PROBLEM REQUIREMENTS =
Pictures stay out of the copy. Retype exactly the lines below from the one with "سلام عليكم اخوان" through the one with "Elegant Black and White Maxi Dress".

GIVEN DATA =
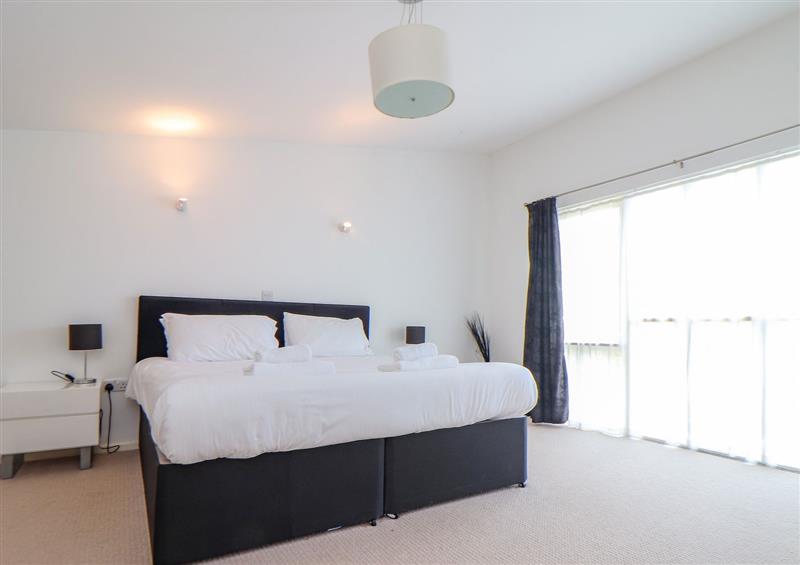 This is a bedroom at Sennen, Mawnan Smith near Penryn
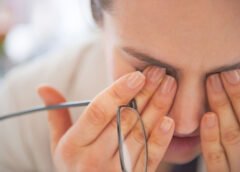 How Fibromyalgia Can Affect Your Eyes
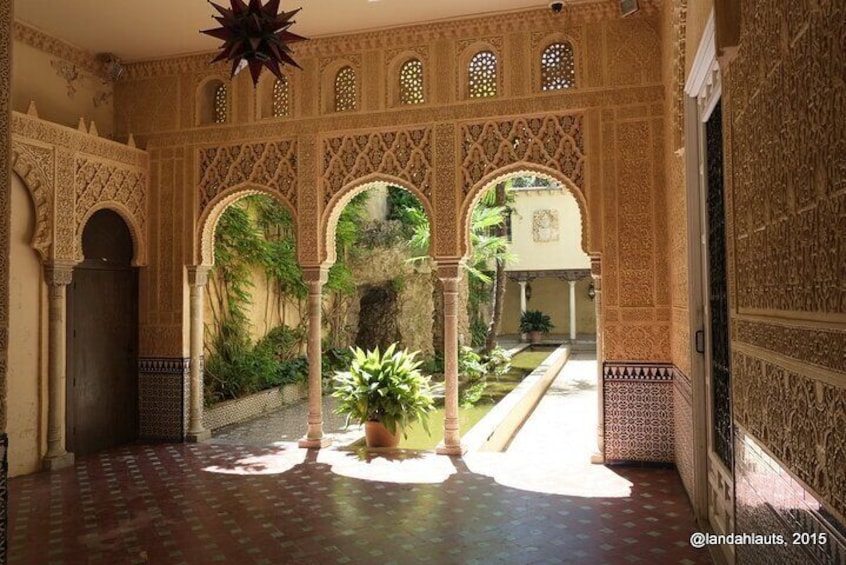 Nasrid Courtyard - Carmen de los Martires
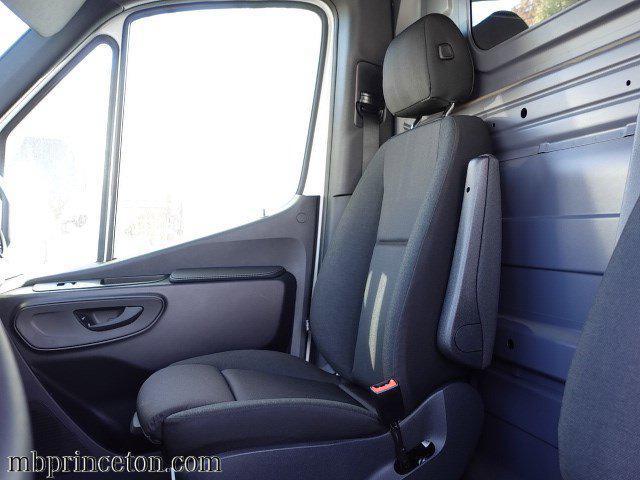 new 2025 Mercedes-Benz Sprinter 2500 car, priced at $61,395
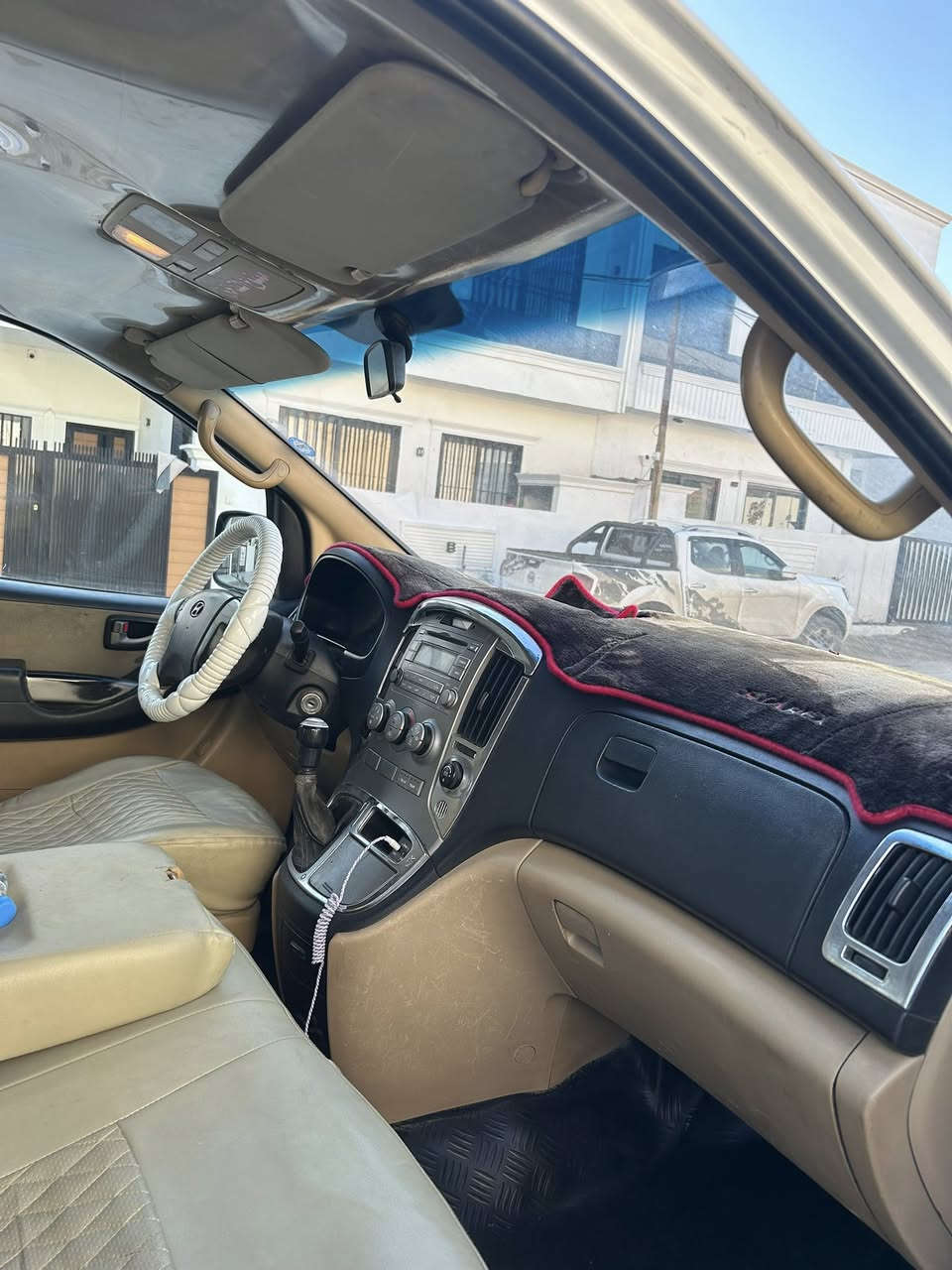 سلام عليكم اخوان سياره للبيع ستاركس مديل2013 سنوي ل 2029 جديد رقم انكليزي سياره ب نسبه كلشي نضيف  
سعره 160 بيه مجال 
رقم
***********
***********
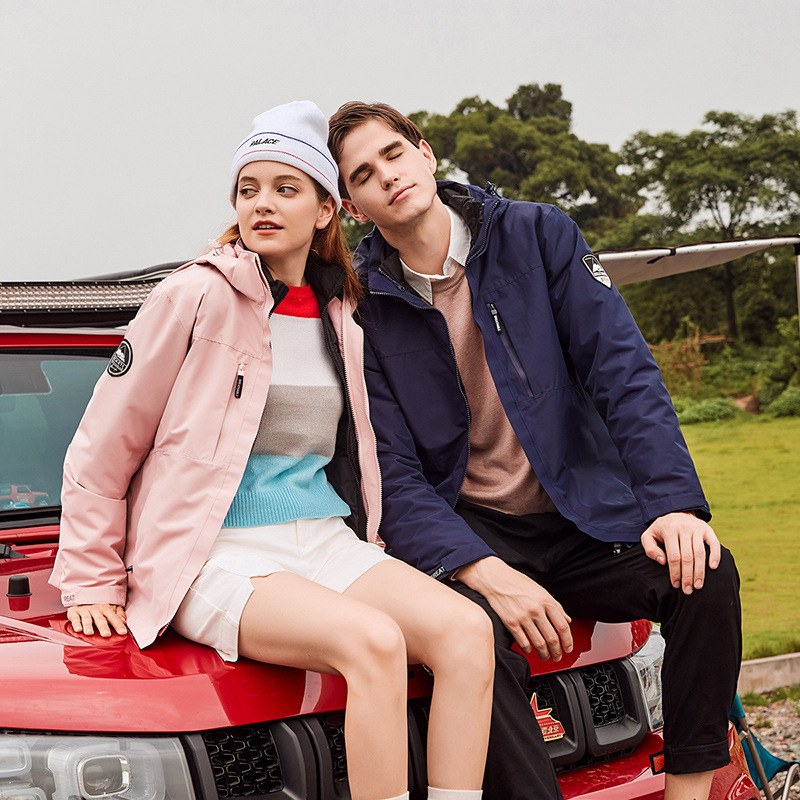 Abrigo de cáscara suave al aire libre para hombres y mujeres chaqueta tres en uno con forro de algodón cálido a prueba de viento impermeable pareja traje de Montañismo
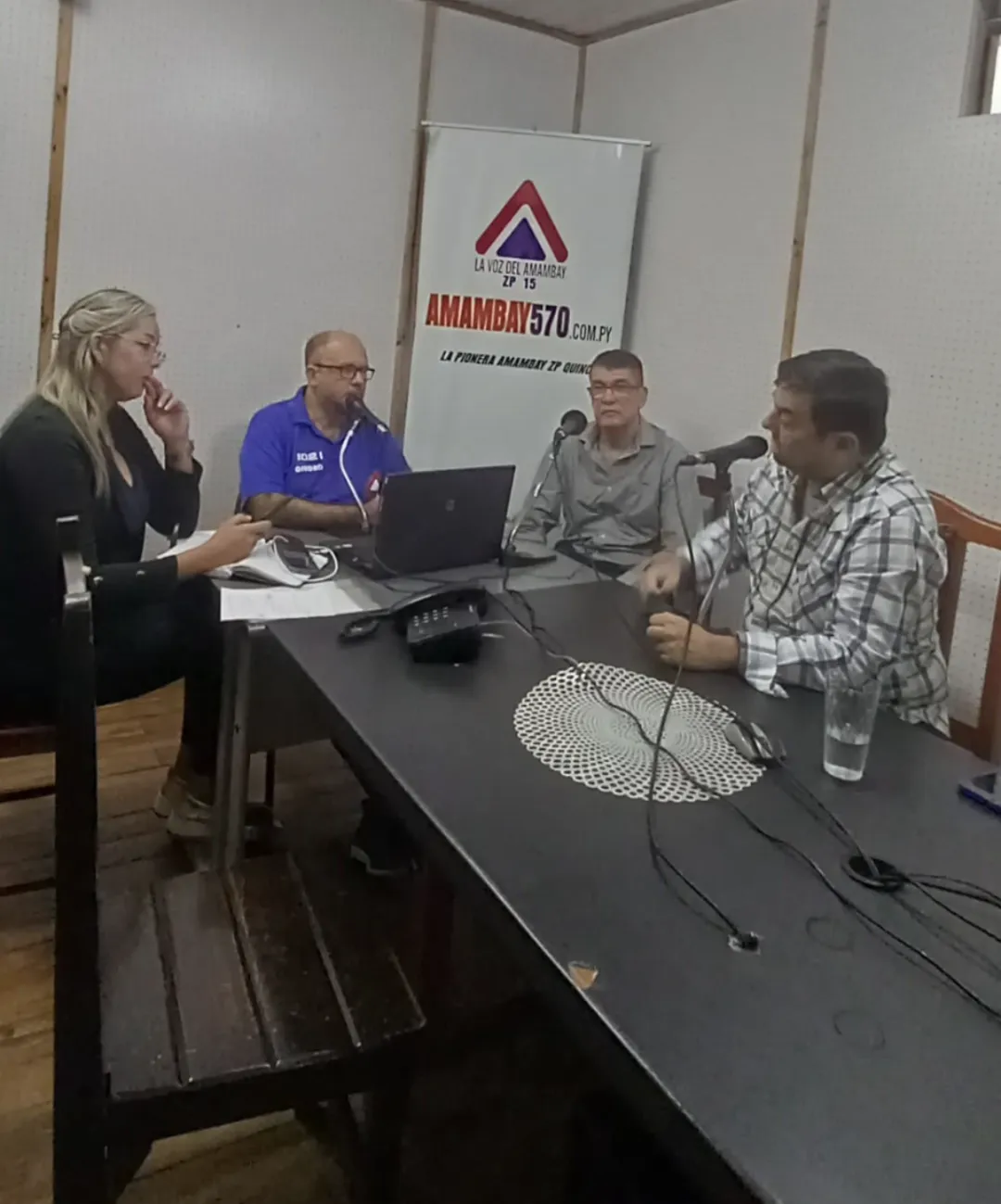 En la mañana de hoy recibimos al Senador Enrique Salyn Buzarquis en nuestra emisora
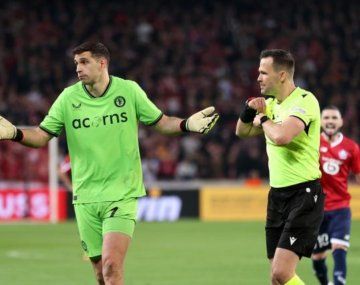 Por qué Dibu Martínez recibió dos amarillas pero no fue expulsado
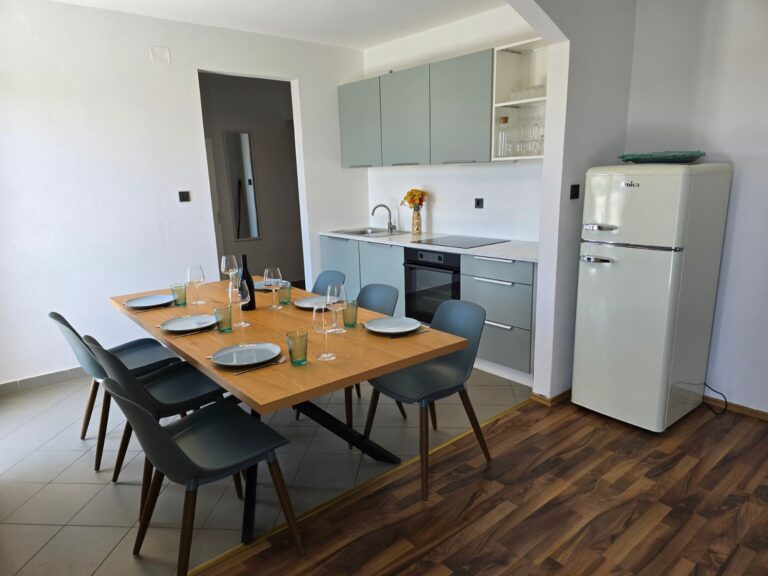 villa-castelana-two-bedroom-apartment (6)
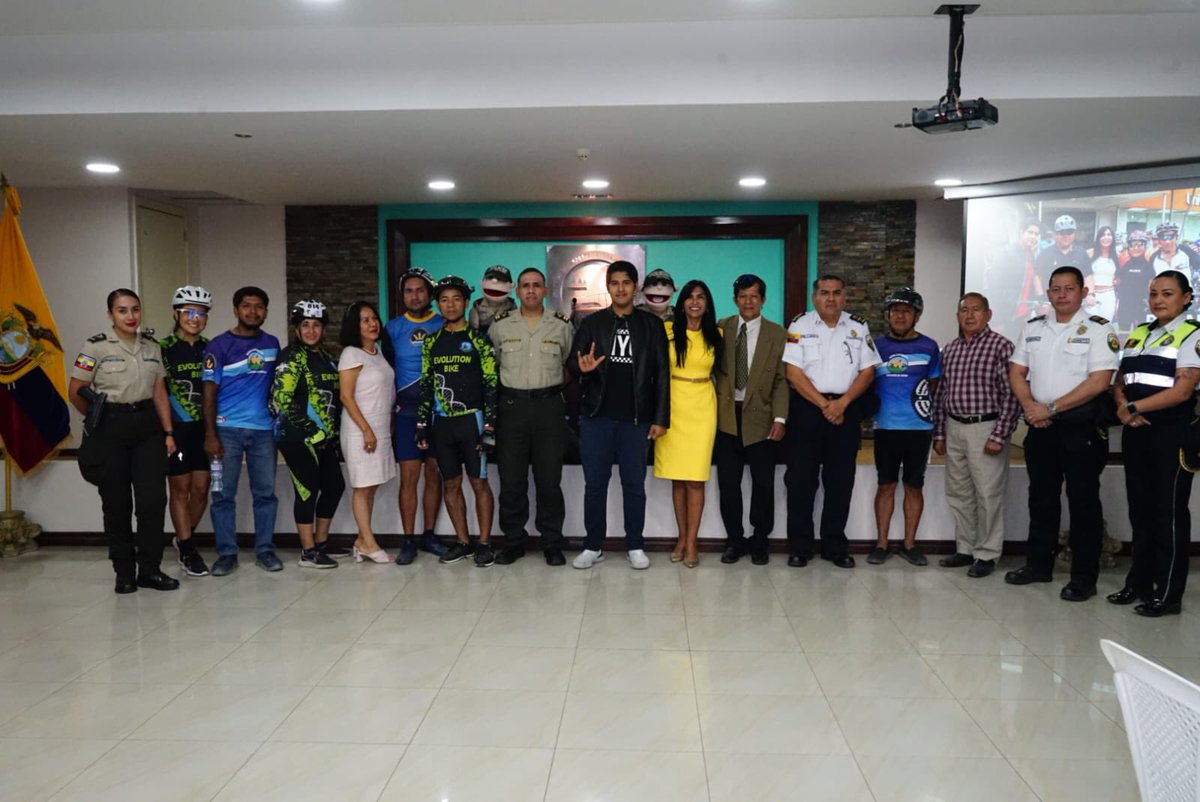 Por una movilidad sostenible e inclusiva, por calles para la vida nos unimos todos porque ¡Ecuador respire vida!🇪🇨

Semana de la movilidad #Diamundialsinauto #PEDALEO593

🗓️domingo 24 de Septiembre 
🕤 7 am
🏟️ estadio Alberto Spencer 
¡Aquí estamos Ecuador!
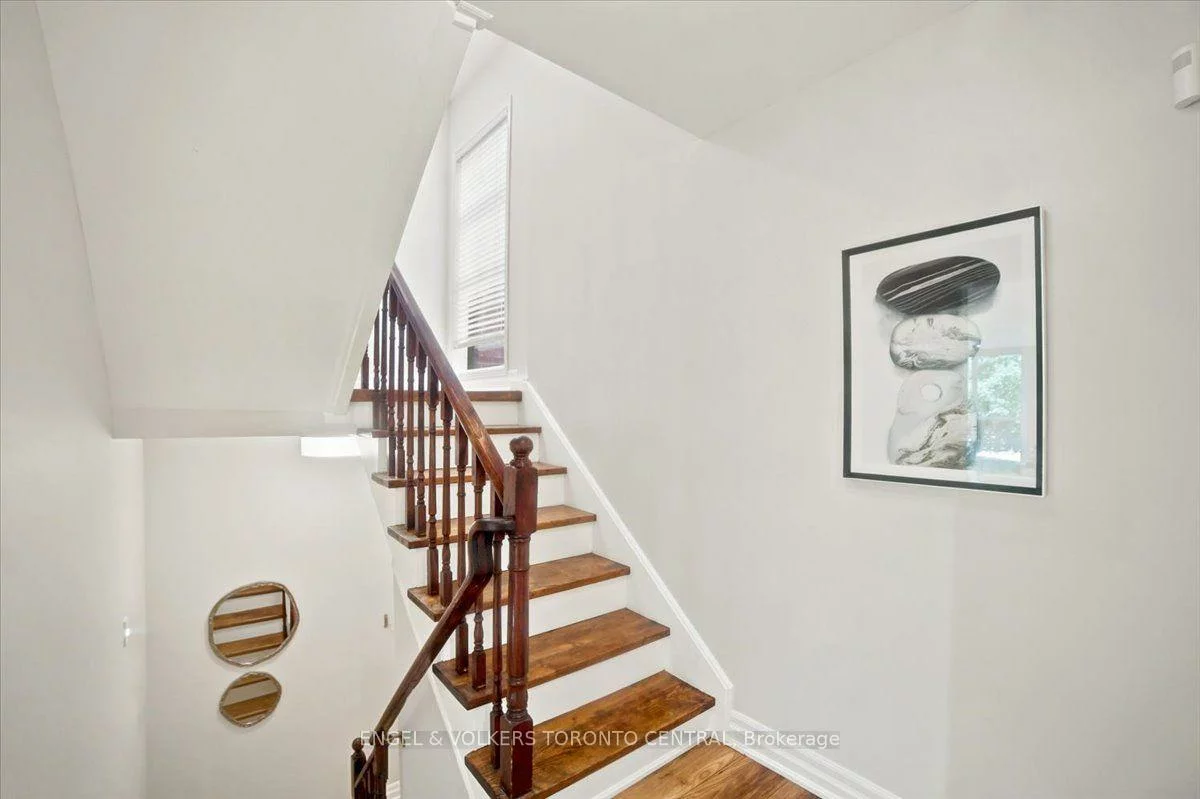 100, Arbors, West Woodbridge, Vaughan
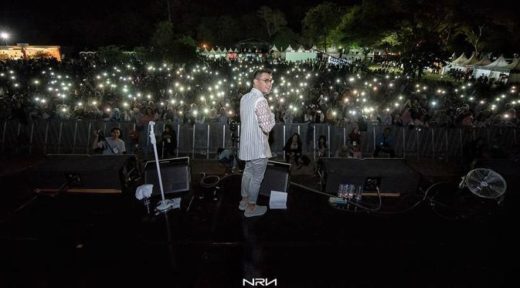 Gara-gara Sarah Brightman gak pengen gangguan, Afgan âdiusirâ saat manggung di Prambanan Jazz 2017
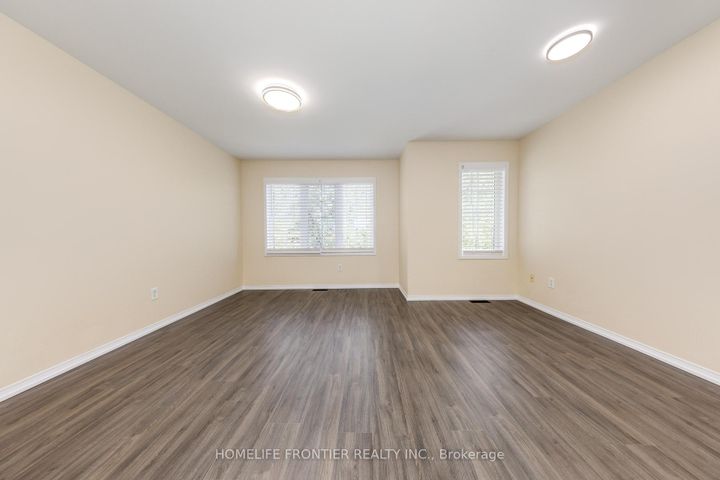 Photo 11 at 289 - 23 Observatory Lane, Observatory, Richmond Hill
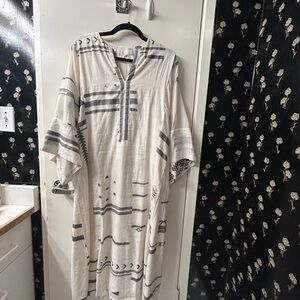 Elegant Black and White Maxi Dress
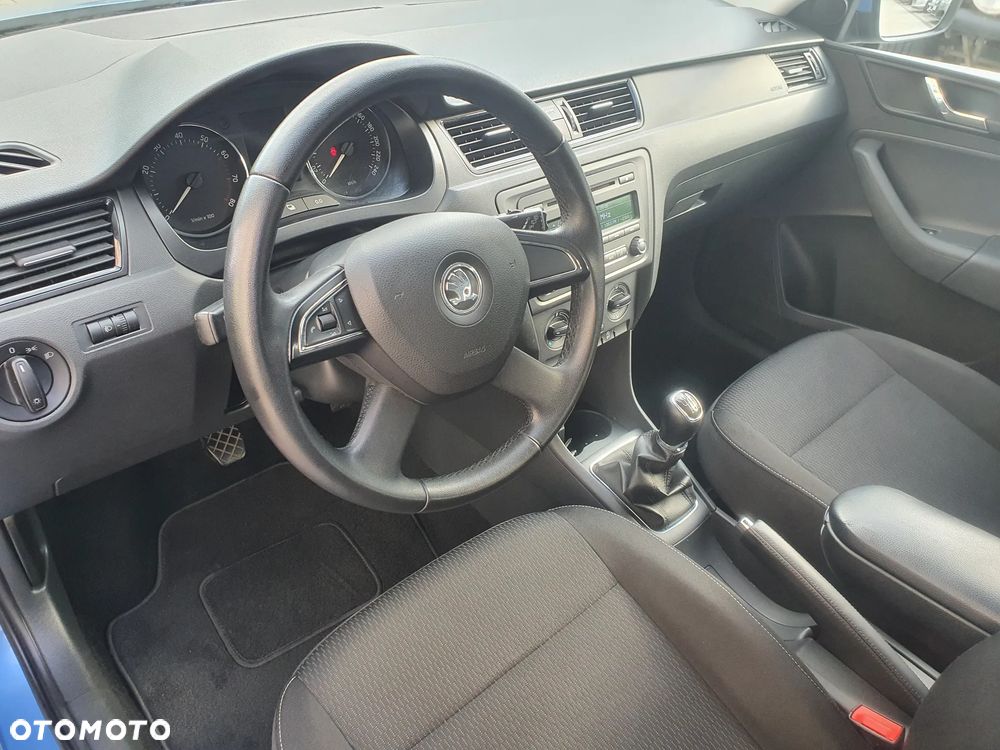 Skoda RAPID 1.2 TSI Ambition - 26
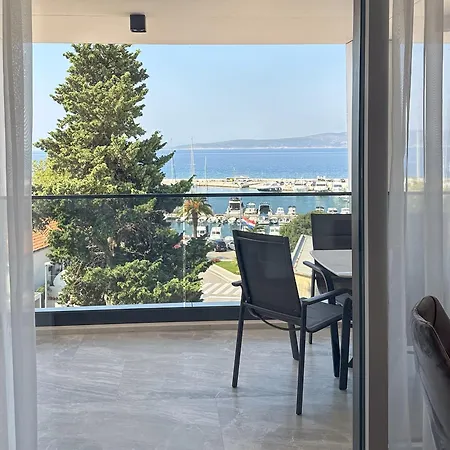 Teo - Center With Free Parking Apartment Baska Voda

ANSWER TO THE EXERCISE =
 سلام عليكم اخوان سياره للبيع ستاركس مديل2013 سنوي ل 2029 جديد رقم انكليزي سياره ب نسبه كلشي نضيف  
سعره 160 بيه مجال 
رقم
***********
***********
 Abrigo de cáscara suave al aire libre para hombres y mujeres chaqueta tres en uno con forro de algodón cálido a prueba de viento impermeable pareja traje de Montañismo
 En la mañana de hoy recibimos al Senador Enrique Salyn Buzarquis en nuestra emisora
 Por qué Dibu Martínez recibió dos amarillas pero no fue expulsado
 villa-castelana-two-bedroom-apartment (6)
 Por una movilidad sostenible e inclusiva, por calles para la vida nos unimos todos porque ¡Ecuador respire vida!🇪🇨

Semana de la movilidad #Diamundialsinauto #PEDALEO593

🗓️domingo 24 de Septiembre 
🕤 7 am
🏟️ estadio Alberto Spencer 
¡Aquí estamos Ecuador!
 100, Arbors, West Woodbridge, Vaughan
 Gara-gara Sarah Brightman gak pengen gangguan, Afgan âdiusirâ saat manggung di Prambanan Jazz 2017
 Photo 11 at 289 - 23 Observatory Lane, Observatory, Richmond Hill
 Elegant Black and White Maxi Dress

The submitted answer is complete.